First isolated in 1934, hyaluronan is the human body's natural lubricant. It constitutes a major component in joint-lubricating sinovial fluid and is present in all body tissues. The material was originally isolated from rooster combs and human umbilical cords. Today, most of it comes from purified bacterial sources. Regardless of source, all hyaluronan is chemically identical.

Because hyaluronan is normally present in the blood and gets continuously degraded and renewed by normal biochemical pathways, it is an ideal substance to use for a lubricious coating. During use, any coating might shed particles, or non-bonded coating components might dissolve in blood. This can pose a serious health risk for patients when dissolved particles are not biocompatible.

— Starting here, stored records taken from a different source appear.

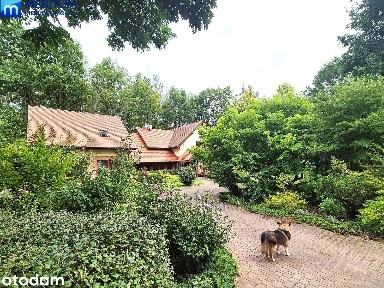 DOM WIELOPOKOLENIOWY | 2 NIEZALEŻNE MIESZKANIA | 235 m²|DZIAŁKA 2364m²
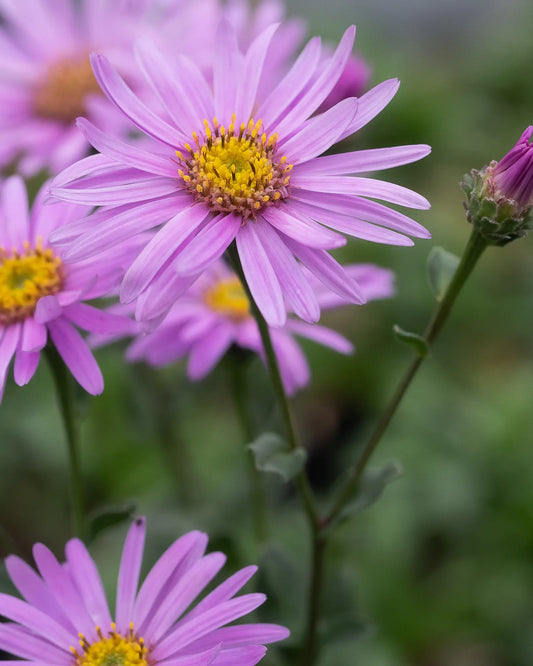 Aster amellus 'Rosa Erfüllung' - Hardy's Cottage Garden Plants
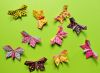 Papillon_AP_fluo_-_Copie.JPG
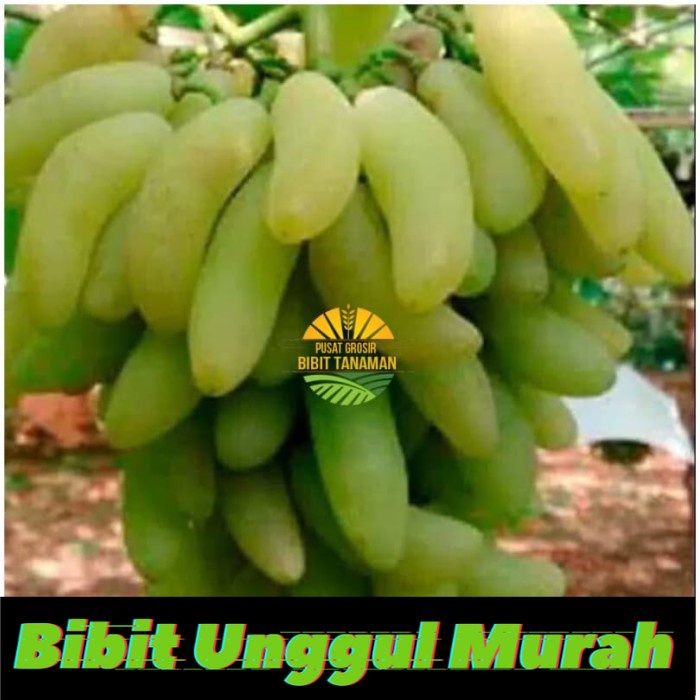 Bibit anggur import banana Grafting Siap Berbuah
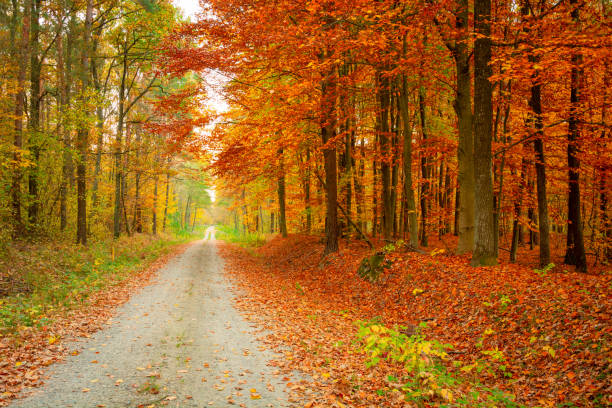 istock A straight road through a colorful autumn forest, autumn view 1210827752
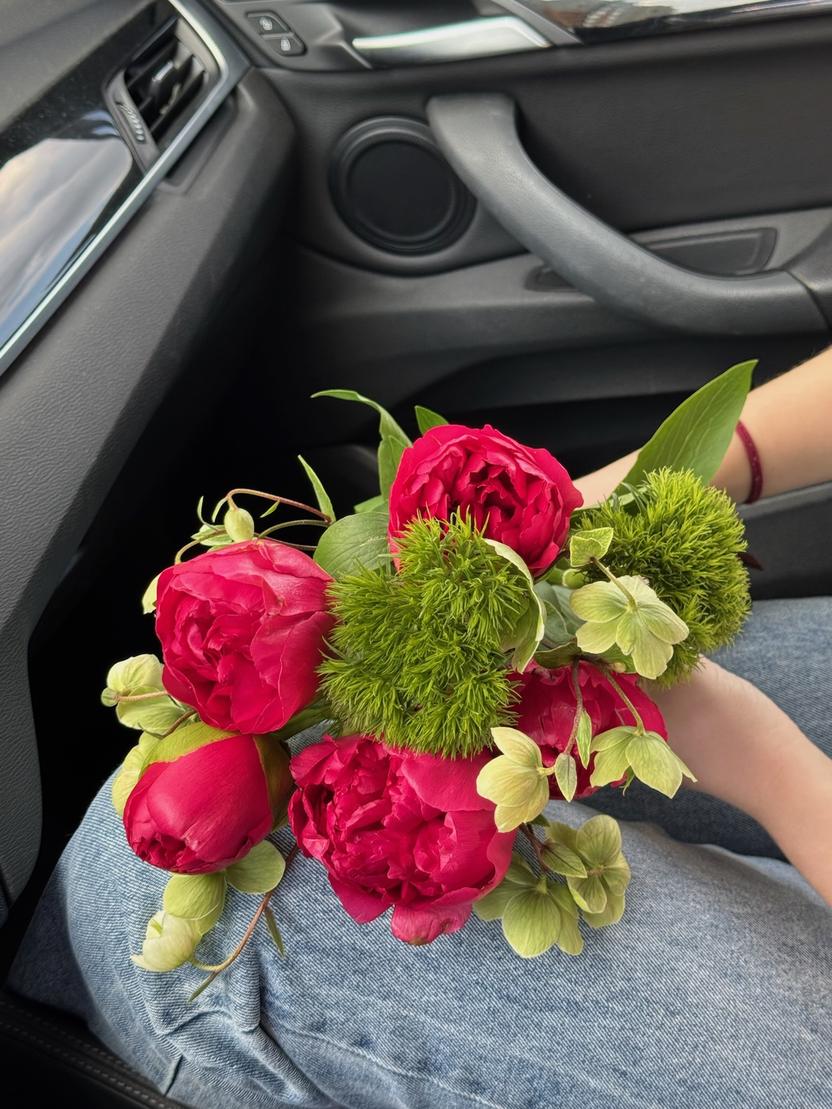 Квіти: Піони, гвоздика мох, хелеборум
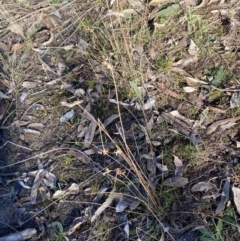 Juncus subsecundus at Bango, NSW - 25 Jun 2023 09:47 AM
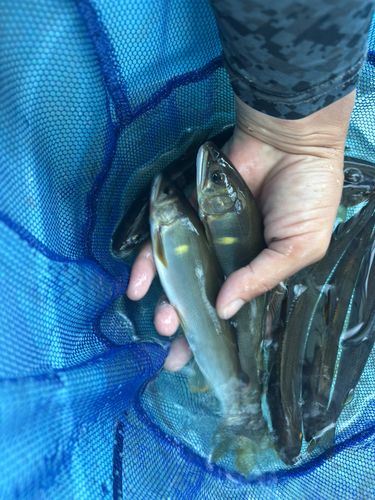 アユの釣果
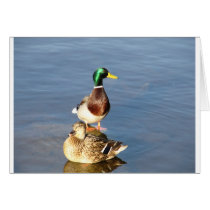 Two mallards greeting card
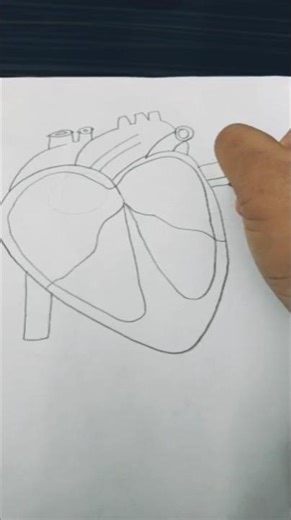 How to draw heart ( simple diagram) in 1 minute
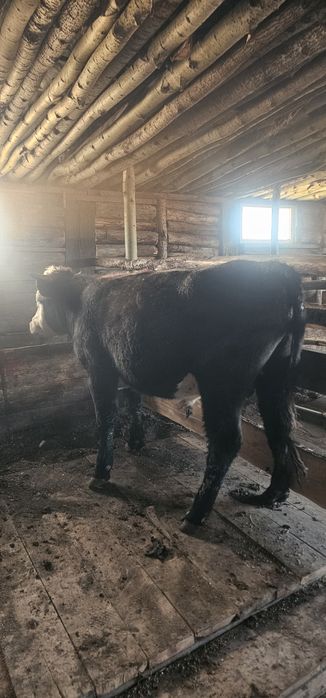 Продам быка и телочек полтарашки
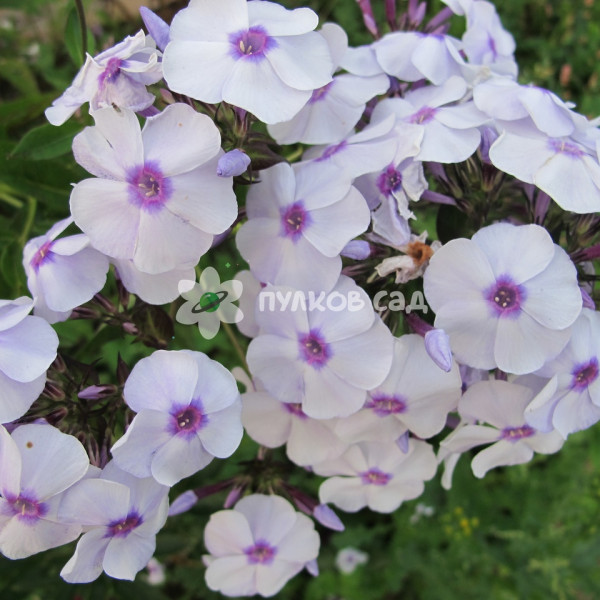 Бирюлевский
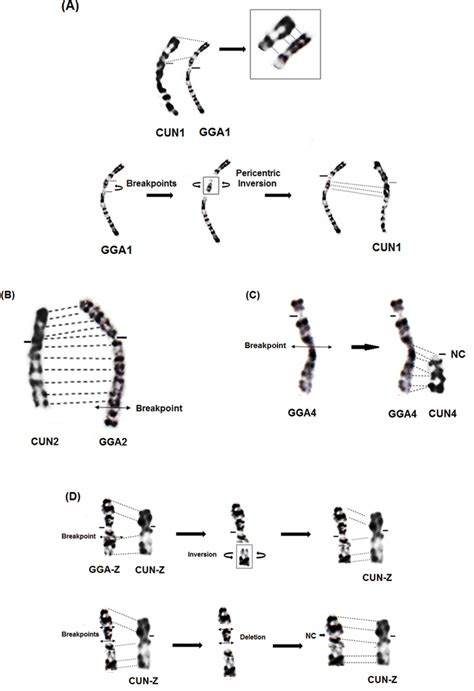 Banding Cytogenetics Of The Vulnerable Species Houbara Bustard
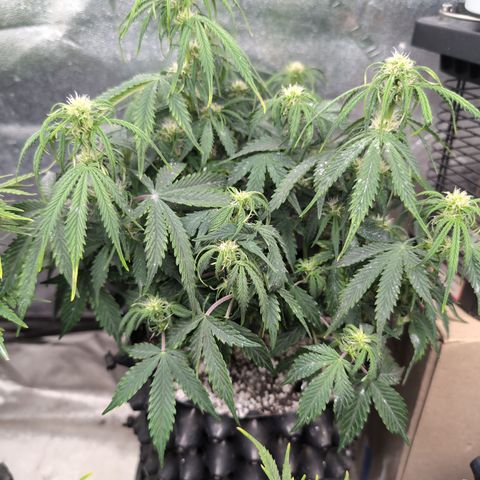 Zelda- Purple Panama Red 17-21%S, (94 days),  287w/60d growlog photo: She's looking droopy, but she's still a bit moist.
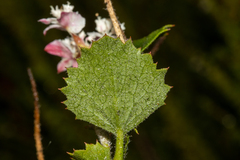 Xanthosia rotundifolia
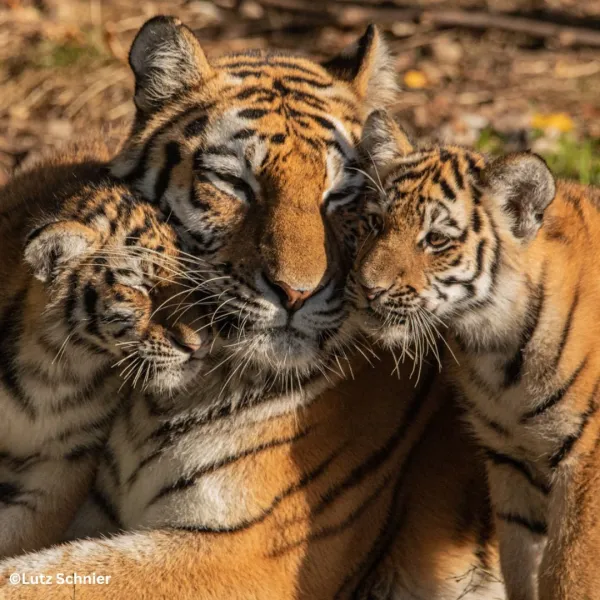 Hagenbecks Tierpark und Tropenaquarium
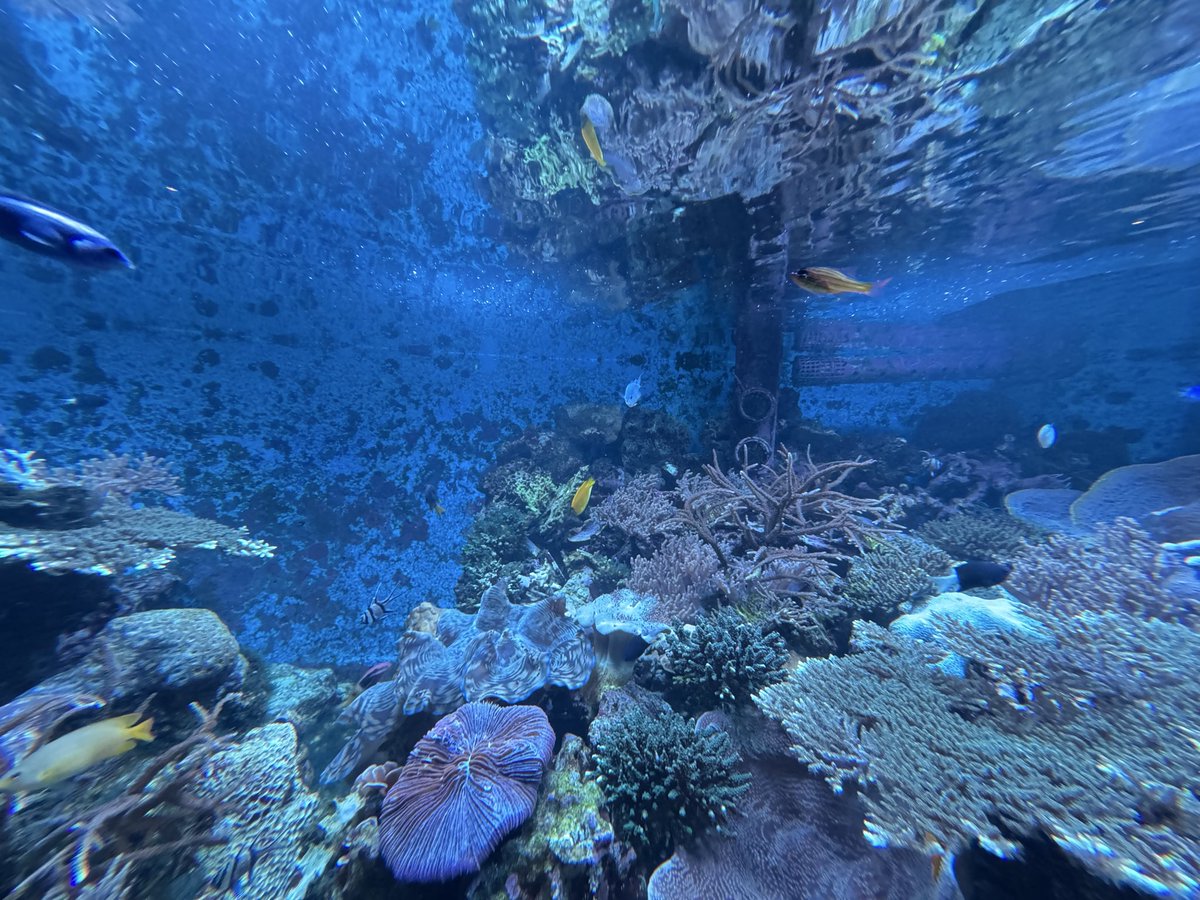 癒しを求めて
心が洗われました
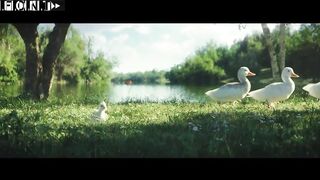 Dil_Hai_Chota_Sa_Choti_Si_Asha_little_duck_animation(720p).
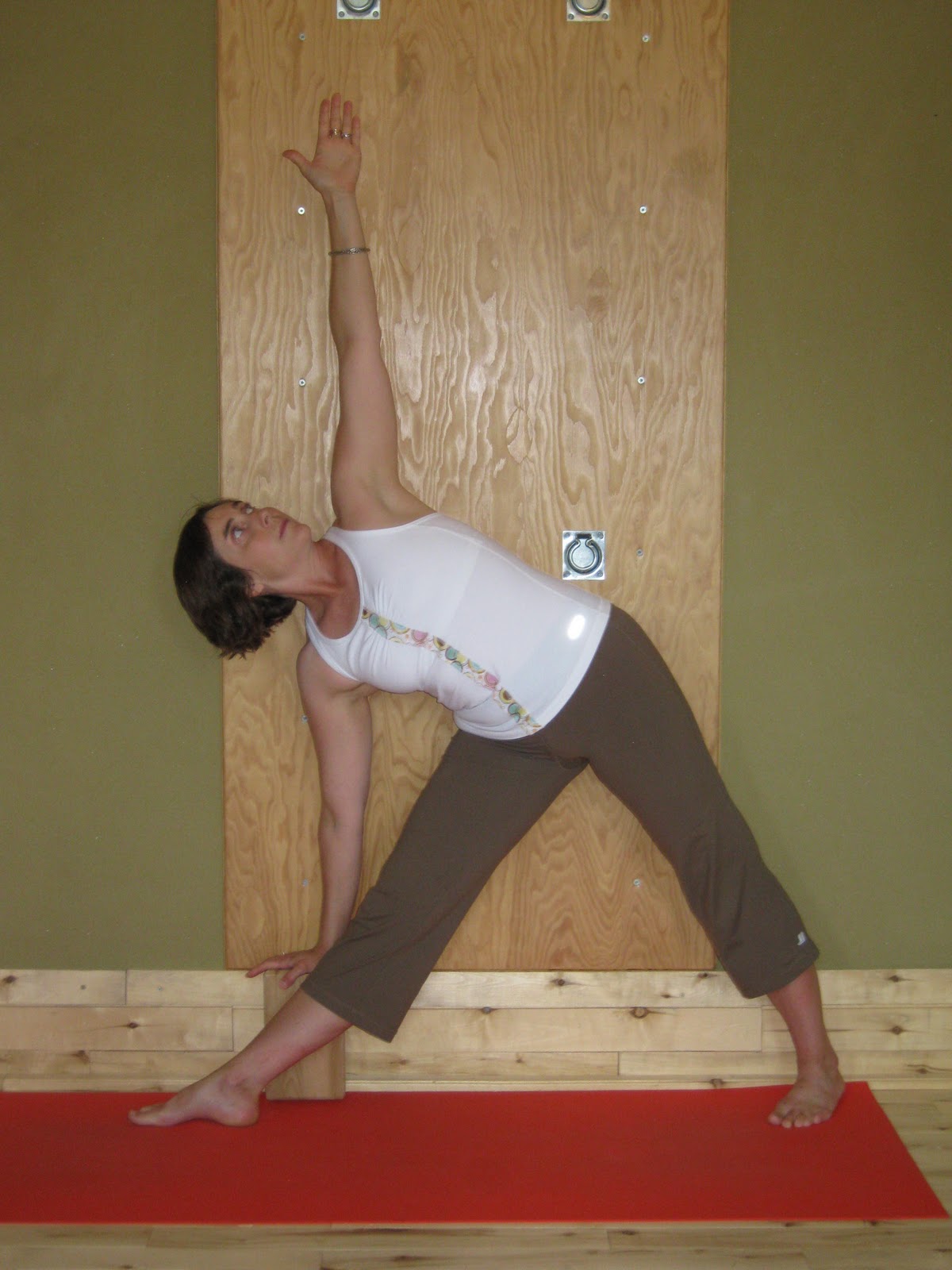 PLN Yoga Studio Pamela Nelson November Pose of the Month Ardha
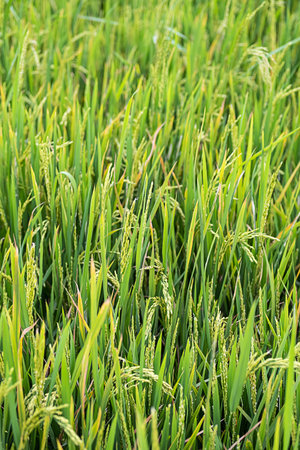 Rice plantation in sunlight. farm field background.の写真素材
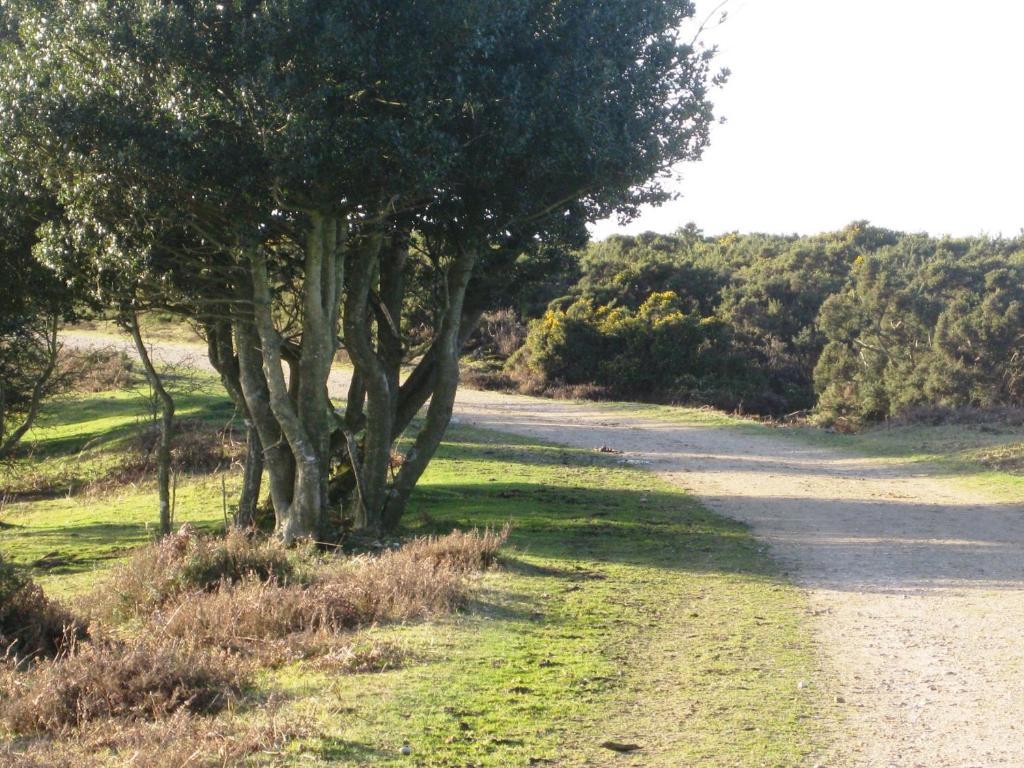 Whitemoor House B&B Lyndhurst Bagian luar foto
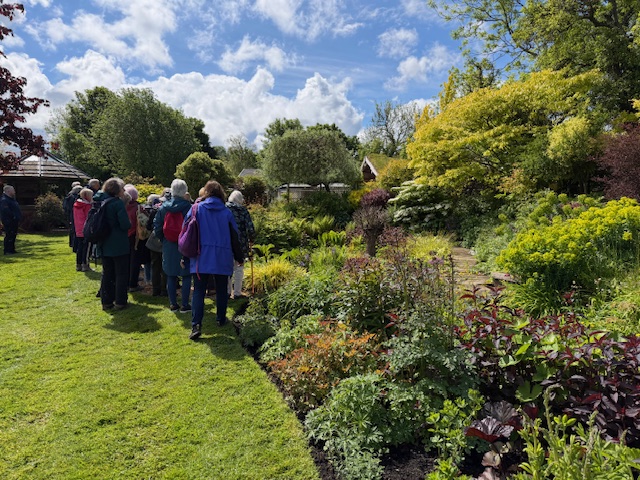 Jacqueline Iddon's Garden JIddon3
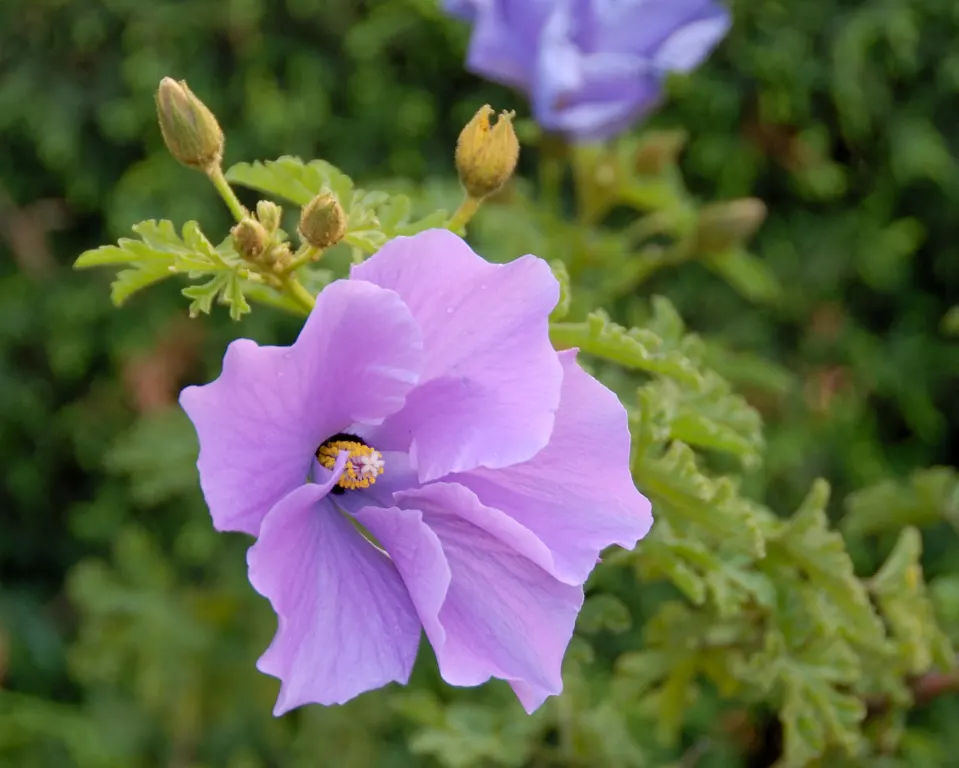 Blue Hibiscus (Alyogyne Huegelii) — reaching a mature size of 5 to 8 feet in both height and spread; purple-blue blossoms reminiscent of a true, image 84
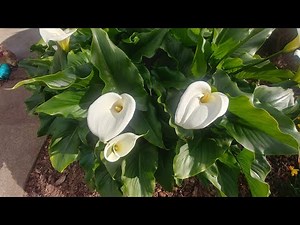 Calla lily care with all updates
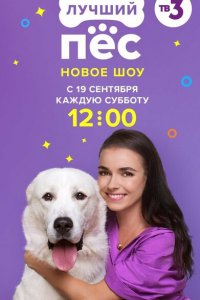Лучший пёс (1 сезон)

In contrast, should hyaluronan release from the coating, the body's normal biochemistry easily accommodates it. Interestingly, numerous studies have shown that hyaluronan attached to a surface is not rapidly degraded by hyaluronidases, a family of enzymes that degrade hyaluronic acid. Hyaluronan is also hydrophilic (has an affinity for water).

Coating difficulties

It's wise to consider coatings early in the design cycle. Evaluate a coating's effects on the intended use of the device and its risks. For example, a non-coated device might require excessive force to push it through the vasculature and thus damage the blood vessels. Also evaluate the device's technical requirements as well as the need for a coating to realize a business opportunity. For example, reducing the incision length to place an intraocular lens (IOL) into the eye requires that the cartridge inserting the lens also be reduced in size. This is only possible if the forces required to insert the IOL can be reduced by coating internal areas of the cartridge.

Most disposable devices of the sort discussed here require a coating, unless the path-length traversed is relatively short and straight, and thrombus (clot) formation is unlikely. Design elements set in place early in the cycle, such as the basic choice of materials, can often strongly affect the ease and effectiveness of a coating process.

The surgeons are using disposable medical devices that have been coated with a Hydak hyaluronan-based coating from Biocoat to smoothly insert a tube into one of the patient’s blood vessels.

For instance, plastic substrates usually contain additives such as antioxidants, colorants, and lubricants that may bloom to the surface of the plastic. These can interfere with coating adhesion and performance, regardless of the type of coating selected. Similarly, metallic substrates can have surface oxide layers that are difficult to coat. Surface-preparation methods, including solvent washes and plasma treatment, can mitigate these adverse effects. However, consider preparation methods in relationship to their effects on the substrate and coating.

A two-layer coating

Hydak coatings are bilaminar, consisting of an acrylic base coat that adheres to the substrate and a formulated hyaluronan top coat that covalently bonds to the base coat. One advantage of a two-layer coating is the chemical reaction that binds the hydrophilic layer to the base coat does not vary with different substrates. Consequently, coating performance does not change.

Coatings can be applied by any conventional technology such as dipping or spraying. A layer's thickness depends on the coating formulation and how the material is applied. In general, base coats are about 1 to 5-µm thick and the dry hyaluronan top coat is about 0.05 to 0.5-µm thick. After hydration, depending on the dry coat thickness, the hyaluronan layer can swell to a thickness of up to about 2 to 10 µm. This action is what provides a durable, lubricious, and non-thrombogenic surface.